Can the US get the same deal with car makers?
Antwerp-based Cardoen, which sells about 10,000 new and nearly new cars per year, started the promotion at the end of November and said it would run until December 15.
- An Oak Lawn [IL] car dealership has started a new and unusual promotion: Buy one 2008 Chrysler Pacifica and get a second car, a 2008 PT Cruiser, for $1
- A Quebec car dealership offering a two-for-one vehicle promotion says it will help save money down the road. Girard Chrysler, a dealership in Repentigny, launched the offer earlier this week as a way to curtail a slowdown in the auto industry.
- The U.K.’s Daily Mail reports, “Desperate car dealers today stunned experts by launching an extraordinary credit-crunch busting deal — buy one new car and get another completely free.”
- To jump-start slow sales, one South Florida auto dealer shifted to an aggressive promotion. Rob Lambdin’s University Dodge in Davie has been offering customers a buy-one-get-one-free deal on select new Dodge Ram trucks.

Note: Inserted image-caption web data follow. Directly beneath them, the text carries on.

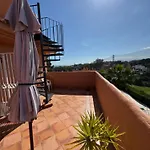 בית אירוח Deluxe In Royal Cabopino Townhouse מארבלה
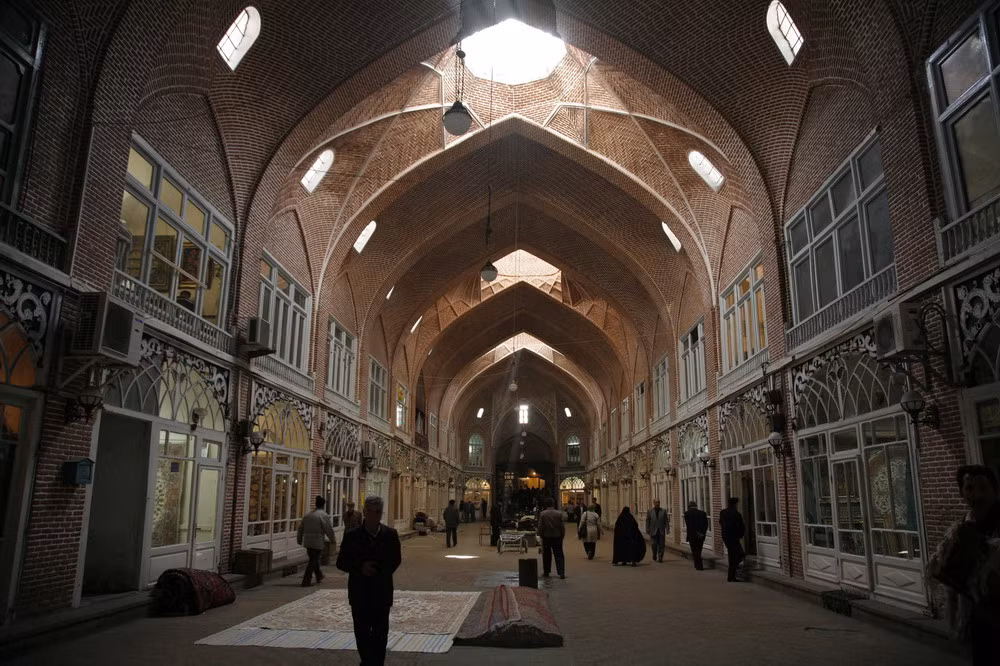 Nằm ở trung tâm của thành phố Tabriz của Iran, khu chợ Ba Tư cổ Tabriz (Tabriz Bazaar) là một trung tâm thương mại có vai trò đặc biệt quan trọng trong nền văn hóa Ba Tư thời cổ.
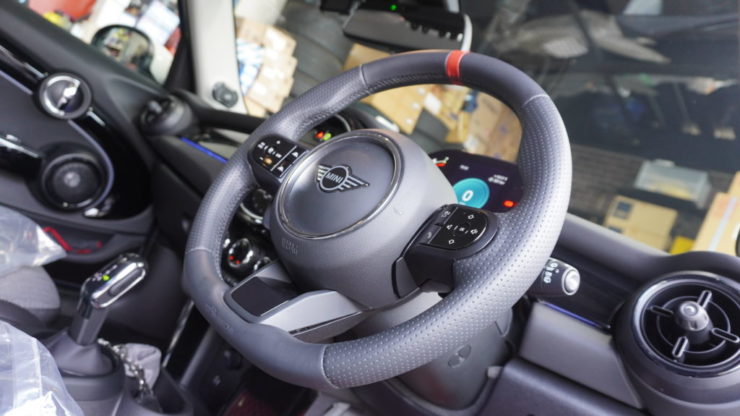 MINI ミニ F55 F56 F57 RECARO レカロ SR-S スポーツシート AMSECHS ステアリング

- A Kia dealer in West Palm Beach is offering two Kia vehicles — for the price of one.
I totally fail to understand the economics on this for the dealers beyond: UH OH.

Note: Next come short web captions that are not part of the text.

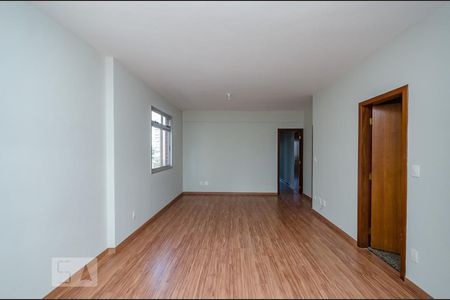 Sala de apartamento para alugar com 3 quartos, 110m² em Vale do Sereno, Nova Lima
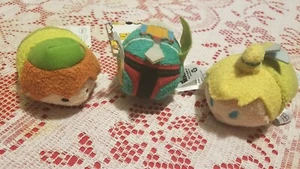 Menge drei (3) Tsum Tsum Plüschtiere (Boba Fett, Peter Pan, Tinker Bell) mit Etikett - Bild 1 von 2
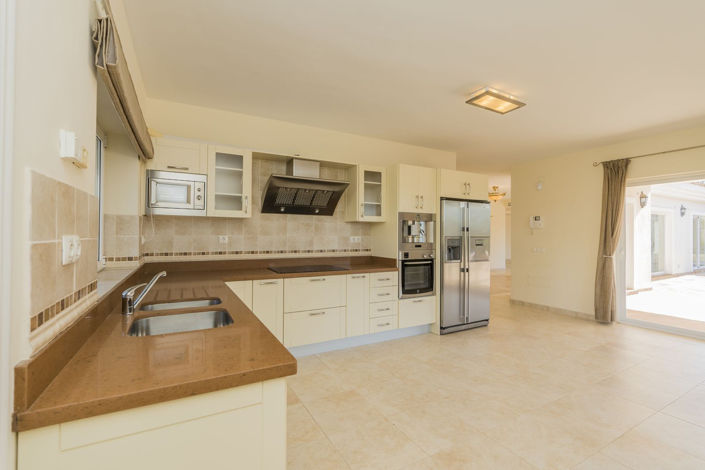 Image No.36-5 Bed Property for sale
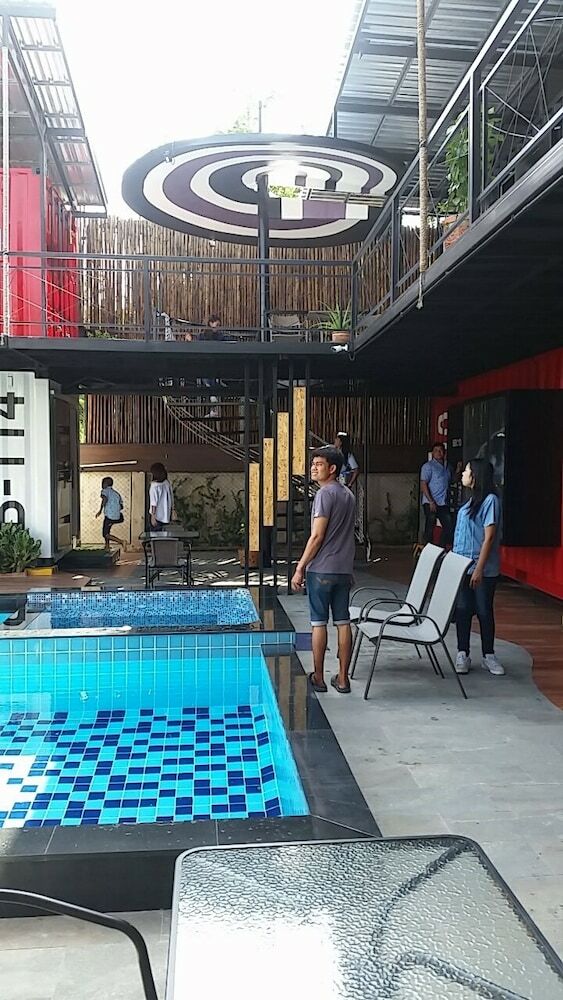 Hotel Beach Box Resort Hua Hin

When all else fails … hope for divine intervention:
The extent to which the state of Michigan is following these hearings and deliberations cannot be overstated.

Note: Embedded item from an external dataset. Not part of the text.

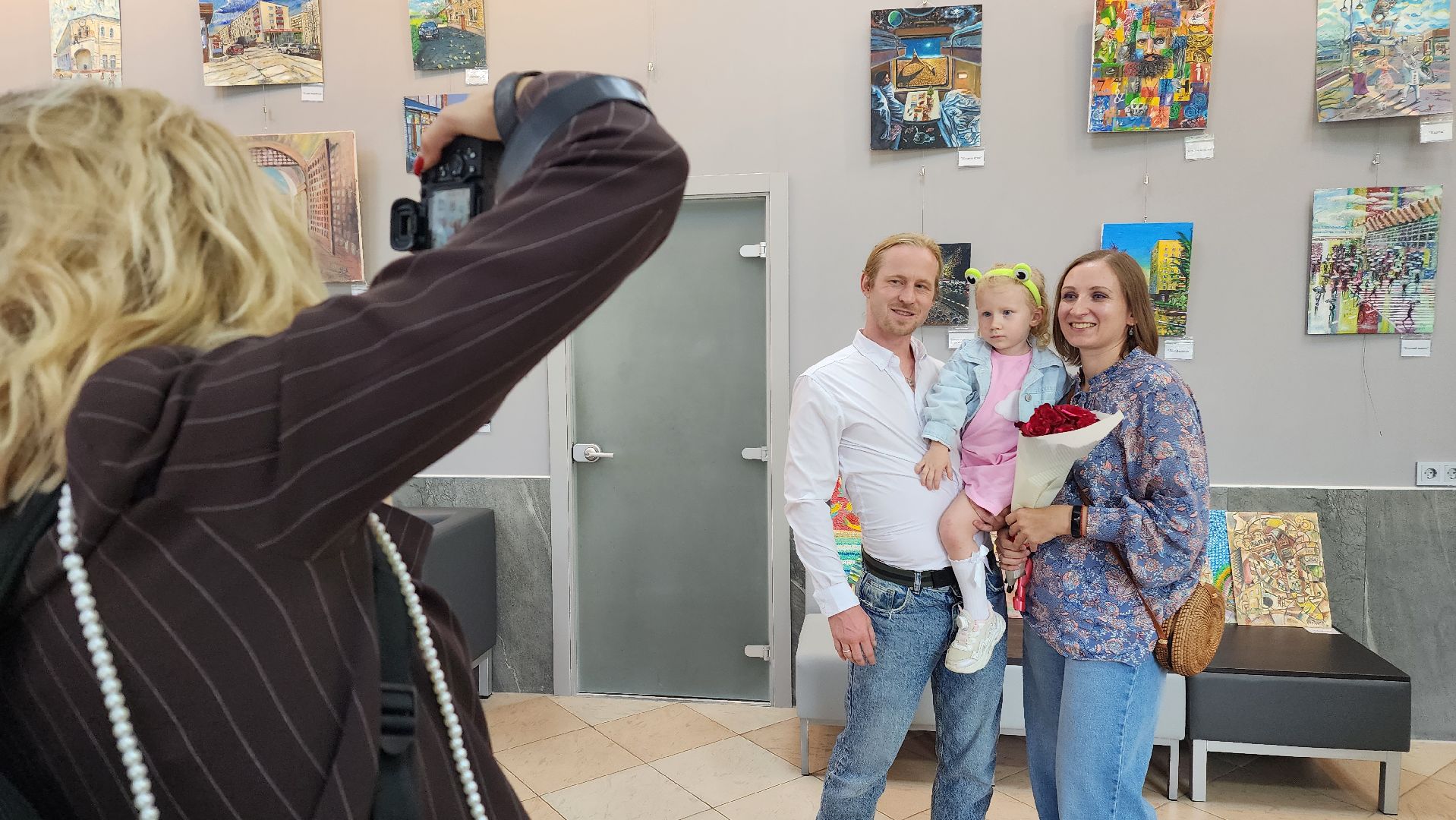 истра, библиотека, вернисаж,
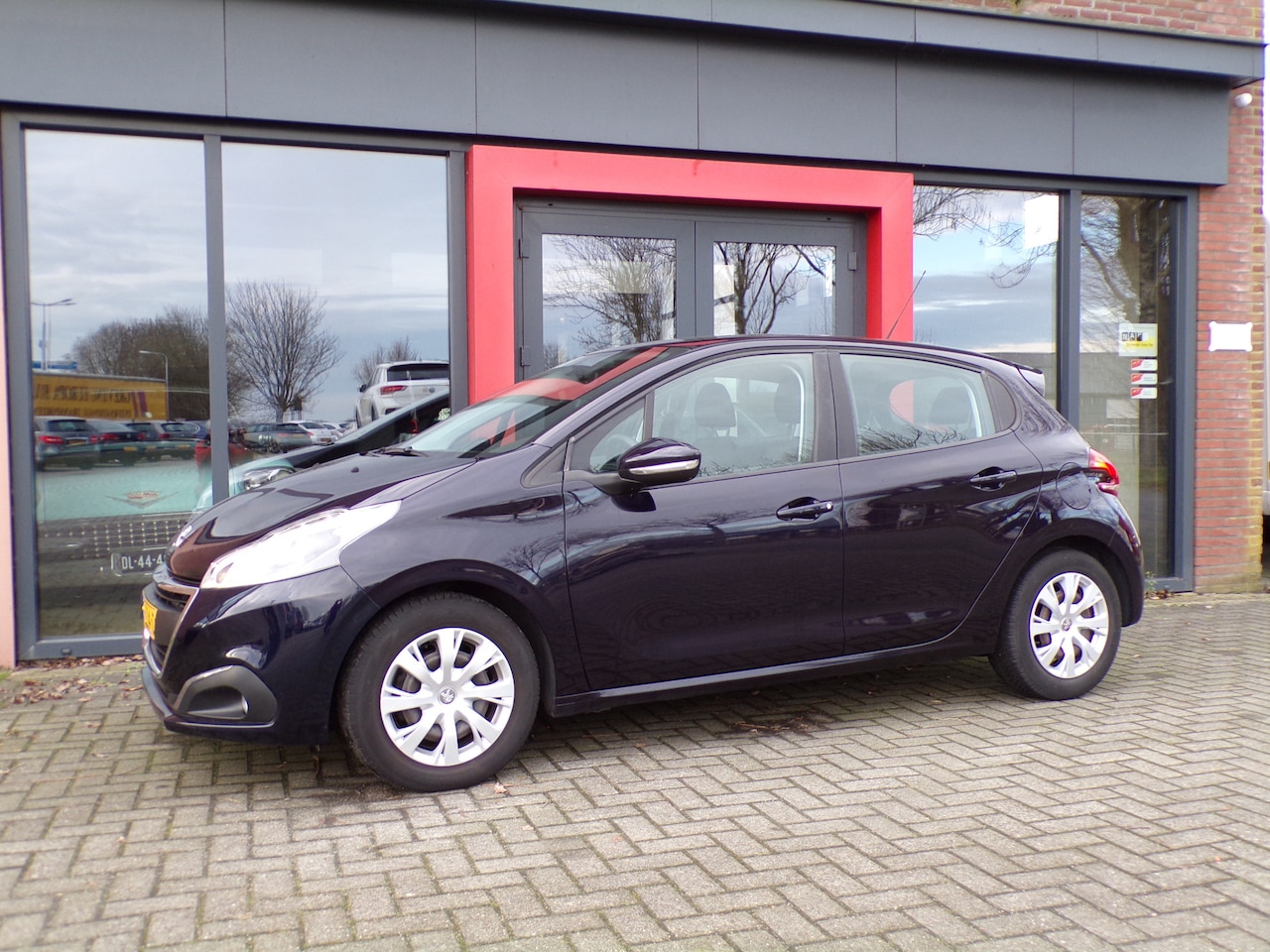 Peugeot 208 - 1.2 PureTech Blue Lion Airco Navi PDC Nieuwe Distributieriem NAP - AutoWereld.nl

It draws far more attention than any other topic of discussion and some variant of it can be overheard pretty much anywhere you go.
The closest second-place conversation topic is, of course, how much the Lions suck.
I personally cannot stand the management of any of the big three and completely agree they’ve dug their own graves (as did the management of most of the financials and banks).
Sadly, those graves will be filled in with hundreds of thousands (if not millions) of midwestern jobs, and we therefore must, with gritted teeth, help the industry out.
Here’s why “buy-one-get-one-free” works: the dealers are stuck with inventory that is tying up their money. They need cash to pay the light (and real-estate tax) bills. Moving the inventory out — even below cost — is a reasonable move. It does, however, bring to mind the R.D. Laing comment: “Insanity is a sane reaction to an insane world.”